#### DESCRIPTION OF THE TASK
Repeat the data below exactly. Include each line.

+---+

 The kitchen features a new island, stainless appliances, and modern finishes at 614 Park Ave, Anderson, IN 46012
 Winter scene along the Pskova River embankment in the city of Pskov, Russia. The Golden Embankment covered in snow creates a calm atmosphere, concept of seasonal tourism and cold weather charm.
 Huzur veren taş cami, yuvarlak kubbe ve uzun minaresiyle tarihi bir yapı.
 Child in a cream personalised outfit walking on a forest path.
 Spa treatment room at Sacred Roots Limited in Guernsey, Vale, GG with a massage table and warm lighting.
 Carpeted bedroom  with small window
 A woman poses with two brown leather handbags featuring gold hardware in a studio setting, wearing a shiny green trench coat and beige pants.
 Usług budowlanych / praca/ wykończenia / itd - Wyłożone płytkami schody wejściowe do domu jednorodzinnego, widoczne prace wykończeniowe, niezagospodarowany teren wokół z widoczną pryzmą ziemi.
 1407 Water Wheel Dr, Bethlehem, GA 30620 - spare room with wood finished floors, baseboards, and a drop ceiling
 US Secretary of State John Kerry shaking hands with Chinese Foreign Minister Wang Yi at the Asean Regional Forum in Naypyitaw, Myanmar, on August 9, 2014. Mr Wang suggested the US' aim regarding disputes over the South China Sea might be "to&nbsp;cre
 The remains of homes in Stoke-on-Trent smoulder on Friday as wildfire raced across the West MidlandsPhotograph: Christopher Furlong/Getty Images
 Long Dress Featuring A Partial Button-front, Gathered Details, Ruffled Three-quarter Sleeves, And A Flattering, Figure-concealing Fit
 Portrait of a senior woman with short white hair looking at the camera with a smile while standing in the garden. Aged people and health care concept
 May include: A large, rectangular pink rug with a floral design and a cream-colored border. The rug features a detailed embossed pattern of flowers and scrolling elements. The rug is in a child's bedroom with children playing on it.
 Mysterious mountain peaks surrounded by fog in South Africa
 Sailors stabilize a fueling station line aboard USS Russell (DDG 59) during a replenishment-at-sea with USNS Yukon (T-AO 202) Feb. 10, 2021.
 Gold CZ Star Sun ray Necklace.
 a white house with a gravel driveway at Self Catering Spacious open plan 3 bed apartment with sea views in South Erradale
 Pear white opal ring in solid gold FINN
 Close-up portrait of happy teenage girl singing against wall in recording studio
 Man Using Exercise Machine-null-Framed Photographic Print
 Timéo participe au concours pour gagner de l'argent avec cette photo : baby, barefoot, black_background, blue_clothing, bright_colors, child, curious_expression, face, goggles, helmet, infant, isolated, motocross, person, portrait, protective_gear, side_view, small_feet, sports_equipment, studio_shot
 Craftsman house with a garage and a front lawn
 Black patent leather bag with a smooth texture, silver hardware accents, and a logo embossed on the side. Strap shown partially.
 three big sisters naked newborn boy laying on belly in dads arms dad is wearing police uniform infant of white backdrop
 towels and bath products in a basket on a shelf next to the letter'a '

+---+

#### REPLY
 The kitchen features a new island, stainless appliances, and modern finishes at 614 Park Ave, Anderson, IN 46012
 Winter scene along the Pskova River embankment in the city of Pskov, Russia. The Golden Embankment covered in snow creates a calm atmosphere, concept of seasonal tourism and cold weather charm.
 Huzur veren taş cami, yuvarlak kubbe ve uzun minaresiyle tarihi bir yapı.
 Child in a cream personalised outfit walking on a forest path.
 Spa treatment room at Sacred Roots Limited in Guernsey, Vale, GG with a massage table and warm lighting.
 Carpeted bedroom  with small window
 A woman poses with two brown leather handbags featuring gold hardware in a studio setting, wearing a shiny green trench coat and beige pants.
 Usług budowlanych / praca/ wykończenia / itd - Wyłożone płytkami schody wejściowe do domu jednorodzinnego, widoczne prace wykończeniowe, niezagospodarowany teren wokół z widoczną pryzmą ziemi.
 1407 Water Wheel Dr, Bethlehem, GA 30620 - spare room with wood finished floors, baseboards, and a drop ceiling
 US Secretary of State John Kerry shaking hands with Chinese Foreign Minister Wang Yi at the Asean Regional Forum in Naypyitaw, Myanmar, on August 9, 2014. Mr Wang suggested the US' aim regarding disputes over the South China Sea might be "to&nbsp;cre
 The remains of homes in Stoke-on-Trent smoulder on Friday as wildfire raced across the West MidlandsPhotograph: Christopher Furlong/Getty Images
 Long Dress Featuring A Partial Button-front, Gathered Details, Ruffled Three-quarter Sleeves, And A Flattering, Figure-concealing Fit
 Portrait of a senior woman with short white hair looking at the camera with a smile while standing in the garden. Aged people and health care concept
 May include: A large, rectangular pink rug with a floral design and a cream-colored border. The rug features a detailed embossed pattern of flowers and scrolling elements. The rug is in a child's bedroom with children playing on it.
 Mysterious mountain peaks surrounded by fog in South Africa
 Sailors stabilize a fueling station line aboard USS Russell (DDG 59) during a replenishment-at-sea with USNS Yukon (T-AO 202) Feb. 10, 2021.
 Gold CZ Star Sun ray Necklace.
 a white house with a gravel driveway at Self Catering Spacious open plan 3 bed apartment with sea views in South Erradale
 Pear white opal ring in solid gold FINN
 Close-up portrait of happy teenage girl singing against wall in recording studio
 Man Using Exercise Machine-null-Framed Photographic Print
 Timéo participe au concours pour gagner de l'argent avec cette photo : baby, barefoot, black_background, blue_clothing, bright_colors, child, curious_expression, face, goggles, helmet, infant, isolated, motocross, person, portrait, protective_gear, side_view, small_feet, sports_equipment, studio_shot
 Craftsman house with a garage and a front lawn
 Black patent leather bag with a smooth texture, silver hardware accents, and a logo embossed on the side. Strap shown partially.
 three big sisters naked newborn boy laying on belly in dads arms dad is wearing police uniform infant of white backdrop
 towels and bath products in a basket on a shelf next to the letter'a '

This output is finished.